Price fixing is a horizontal restraint in trade. It is when competitors team up and fix a price to either lock out competitors with lower prices. In another version, competitors hike up prices and benefit off consumers.
However, in this case, these gas companies were not necessarily competitors. Instead, they had committed themselves to a joint venture, essentially merging operations in the different regions of the United States. Thus, they were not engaged in price fixing in the traditional sense. In essence, they were just setting prices as a single entity would.
a) The issue was whether a per se rule of price fixing applied to vertical agreements.
b) The per se rule of price fixing in a horizontal agreement context means that when competitors agree to fix a price, it is inherently anti-competitive. It becomes a restraint on trade, which is violation of the Sherman Act, Section 1.
c) Here, the court found that the per se rule only applies when the court has determined the type of agreement at issue. They found that horizontal agreements are different than vertical agreements fixing a minimum resale price. In fact, unlike horizontal agreements, minimum resale prices can stimulate competition as well as restrict competition.

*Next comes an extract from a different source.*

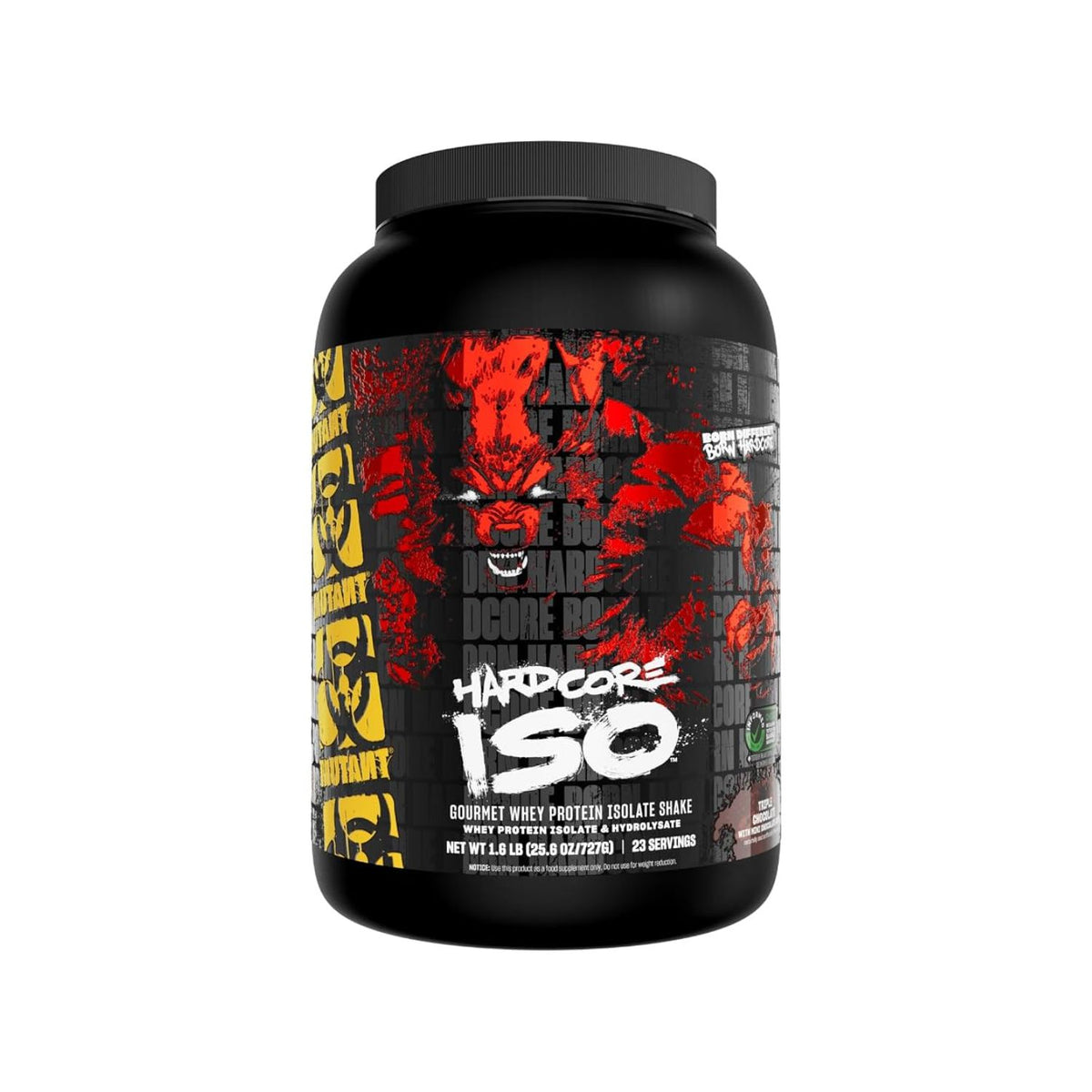 Mutant Hardcore Iso 727g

d) Because vertical agreements can stimulate competition and, thus, are not inherently anticompetitive, a per se rule cannot apply to vertical agreements in the same way it is applied to horizontal agreements to price fix. Therefore, the court found in favor of Leegin, the original defendant, and reversed the lower court's decision.
The court would want to measure the anticompetitive effects, including a decreased output, stimulation in interbrand competition, and the increase in options to consumers at different price levels. The court is really focusing on the actual economic effects and what would beneficial to stimulating the market.